» **PROBLEM DETAILS**:
Once the data has been read, print it back in full, exactly.

─── DATA SHOWN

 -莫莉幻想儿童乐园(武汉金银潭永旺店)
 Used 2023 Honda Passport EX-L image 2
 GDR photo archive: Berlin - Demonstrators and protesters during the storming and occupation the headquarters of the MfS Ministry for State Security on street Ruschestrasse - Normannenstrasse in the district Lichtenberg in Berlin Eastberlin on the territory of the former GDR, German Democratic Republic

──────

» **PROBLEM SOLUTION**:
 -莫莉幻想儿童乐园(武汉金银潭永旺店)
 Used 2023 Honda Passport EX-L image 2
 GDR photo archive: Berlin - Demonstrators and protesters during the storming and occupation the headquarters of the MfS Ministry for State Security on street Ruschestrasse - Normannenstrasse in the district Lichtenberg in Berlin Eastberlin on the territory of the former GDR, German Democratic Republic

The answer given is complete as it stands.